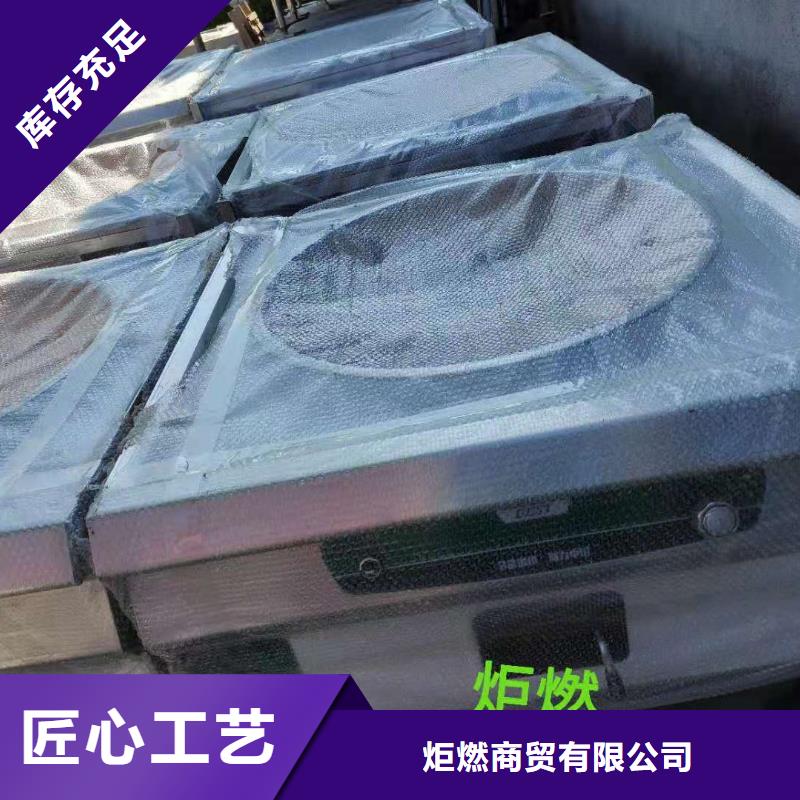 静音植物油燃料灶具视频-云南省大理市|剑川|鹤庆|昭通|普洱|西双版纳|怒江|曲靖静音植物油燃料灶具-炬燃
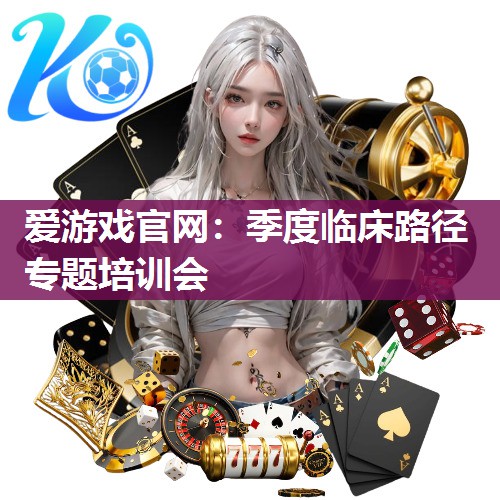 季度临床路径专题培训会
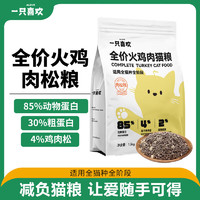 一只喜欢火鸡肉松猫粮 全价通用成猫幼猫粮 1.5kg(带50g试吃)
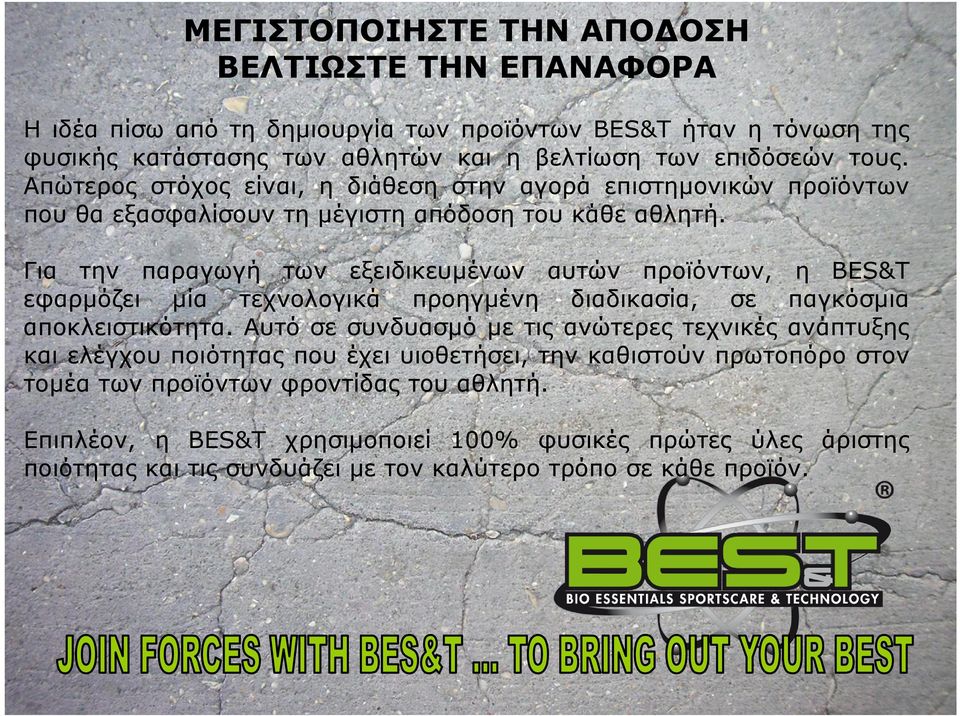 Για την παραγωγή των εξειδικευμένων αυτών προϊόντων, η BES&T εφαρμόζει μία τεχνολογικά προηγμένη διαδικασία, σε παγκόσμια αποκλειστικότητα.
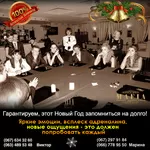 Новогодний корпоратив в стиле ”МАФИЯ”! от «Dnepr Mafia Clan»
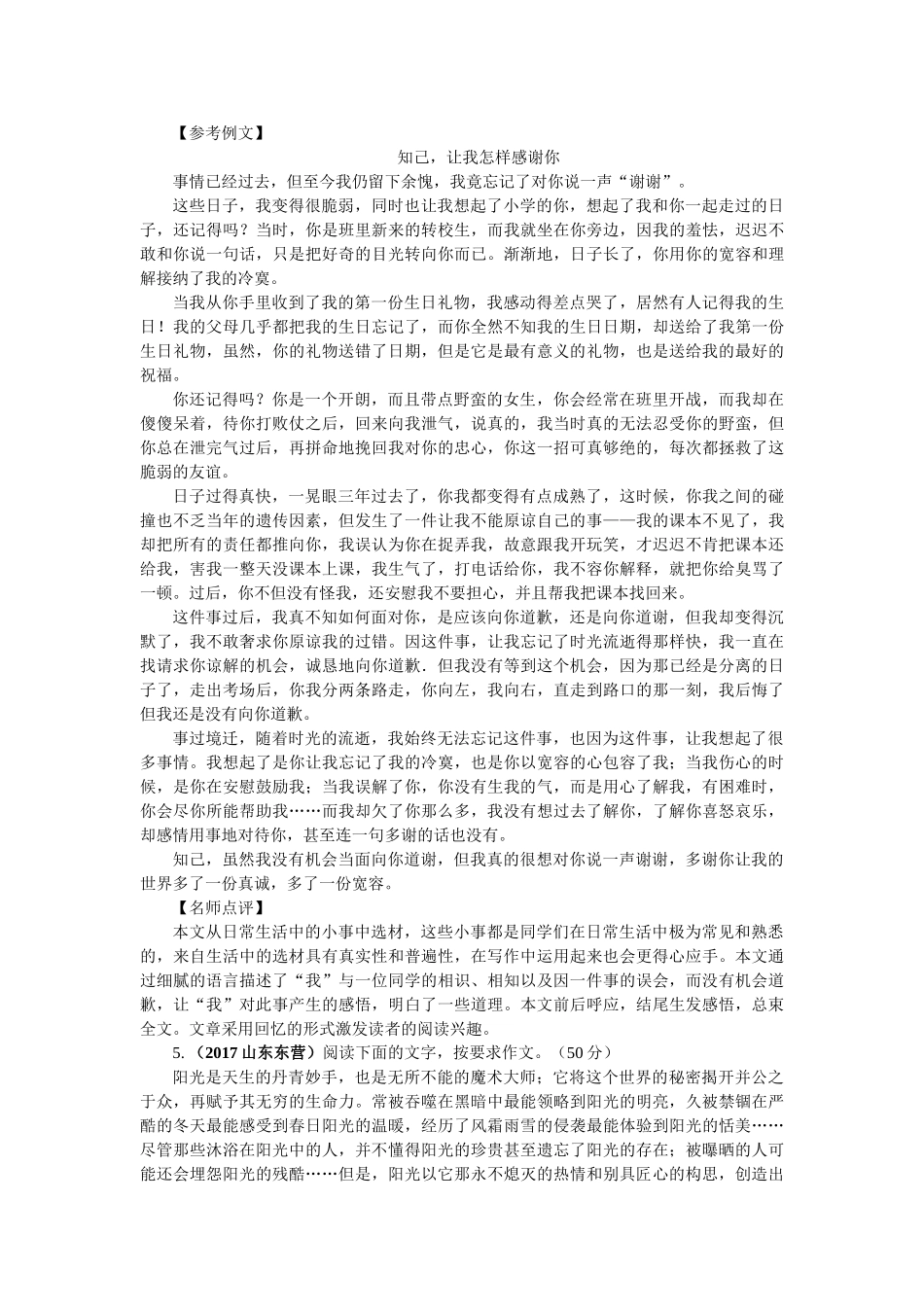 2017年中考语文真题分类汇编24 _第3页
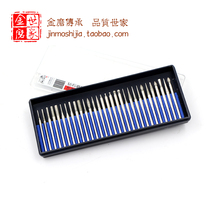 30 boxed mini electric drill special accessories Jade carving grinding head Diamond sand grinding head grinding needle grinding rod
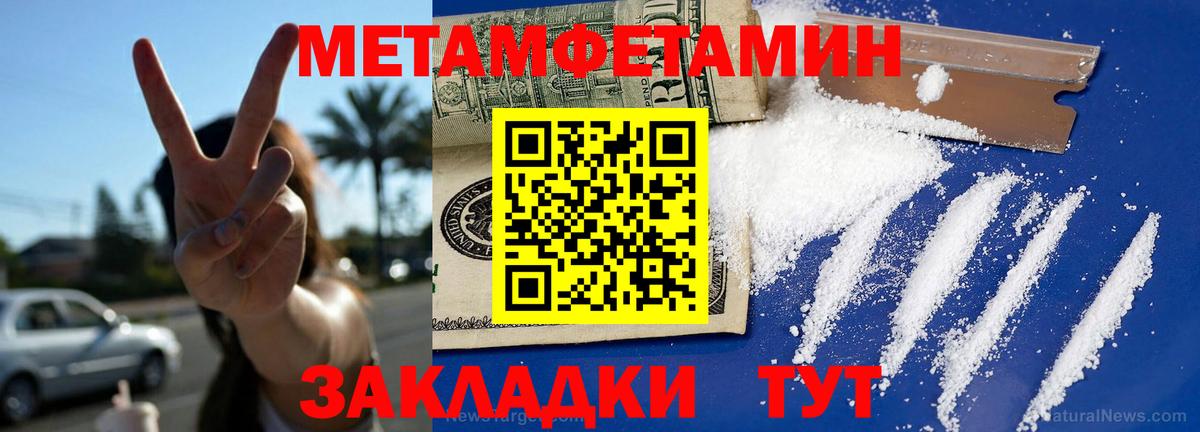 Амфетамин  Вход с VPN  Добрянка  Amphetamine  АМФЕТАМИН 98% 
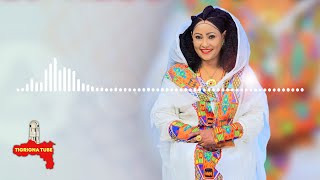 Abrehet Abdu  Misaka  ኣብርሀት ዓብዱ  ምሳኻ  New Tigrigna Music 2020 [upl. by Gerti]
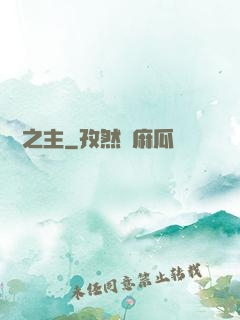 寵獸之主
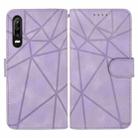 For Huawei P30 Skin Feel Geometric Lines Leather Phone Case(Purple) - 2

* * *

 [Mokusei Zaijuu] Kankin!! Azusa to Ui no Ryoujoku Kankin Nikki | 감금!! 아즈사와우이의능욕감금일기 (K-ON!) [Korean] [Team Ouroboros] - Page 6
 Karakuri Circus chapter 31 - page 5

### INSTRUCTIONS FOR THE TASK:
Above are the records; copy from them only the lines starting at the one containing "30 boxed mini" and ending at the one containing "For Huawei P30", exactly and without pictures.

### TASK RESPONSE:
 30 boxed mini electric drill special accessories Jade carving grinding head Diamond sand grinding head grinding needle grinding rod
 Амфетамин  Вход с VPN  Добрянка  Amphetamine  АМФЕТАМИН 98% 
 Abrehet Abdu  Misaka  ኣብርሀት ዓብዱ  ምሳኻ  New Tigrigna Music 2020 [upl. by Gerti]
 寵獸之主
 For Huawei P30 Skin Feel Geometric Lines Leather Phone Case(Purple) - 2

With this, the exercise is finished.